(Short web captions)

((

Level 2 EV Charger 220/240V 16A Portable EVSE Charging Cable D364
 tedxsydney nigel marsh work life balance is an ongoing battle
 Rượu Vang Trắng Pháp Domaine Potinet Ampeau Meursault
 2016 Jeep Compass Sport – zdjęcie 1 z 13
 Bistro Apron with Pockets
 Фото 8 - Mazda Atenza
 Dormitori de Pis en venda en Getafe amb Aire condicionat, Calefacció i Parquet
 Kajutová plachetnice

))

§ Your task: Send back each record exactly as it stands.

§ Written answer:
Level 2 EV Charger 220/240V 16A Portable EVSE Charging Cable D364
 tedxsydney nigel marsh work life balance is an ongoing battle
 Rượu Vang Trắng Pháp Domaine Potinet Ampeau Meursault
 2016 Jeep Compass Sport – zdjęcie 1 z 13
 Bistro Apron with Pockets
 Фото 8 - Mazda Atenza
 Dormitori de Pis en venda en Getafe amb Aire condicionat, Calefacció i Parquet
 Kajutová plachetnice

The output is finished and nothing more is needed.